# Input data:
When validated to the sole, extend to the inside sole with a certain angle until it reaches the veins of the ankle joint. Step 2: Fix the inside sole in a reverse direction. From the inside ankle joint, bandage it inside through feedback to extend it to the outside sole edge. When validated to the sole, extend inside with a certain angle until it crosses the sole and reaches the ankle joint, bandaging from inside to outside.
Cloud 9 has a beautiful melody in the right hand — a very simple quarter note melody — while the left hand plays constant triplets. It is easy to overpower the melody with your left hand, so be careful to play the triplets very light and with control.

...

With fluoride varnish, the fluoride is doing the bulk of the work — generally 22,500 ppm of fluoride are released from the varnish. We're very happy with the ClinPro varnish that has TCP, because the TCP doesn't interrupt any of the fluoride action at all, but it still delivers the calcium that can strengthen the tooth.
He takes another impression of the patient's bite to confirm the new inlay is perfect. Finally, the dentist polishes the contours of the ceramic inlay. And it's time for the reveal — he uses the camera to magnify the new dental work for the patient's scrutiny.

# What is needed:
Would you copy out each line of the records above where the word "work" occurs?

# Response to the task:
With fluoride varnish, the fluoride is doing the bulk of the work — generally 22,500 ppm of fluoride are released from the varnish. We're very happy with the ClinPro varnish that has TCP, because the TCP doesn't interrupt any of the fluoride action at all, but it still delivers the calcium that can strengthen the tooth.
He takes another impression of the patient's bite to confirm the new inlay is perfect. Finally, the dentist polishes the contours of the ceramic inlay. And it's time for the reveal — he uses the camera to magnify the new dental work for the patient's scrutiny.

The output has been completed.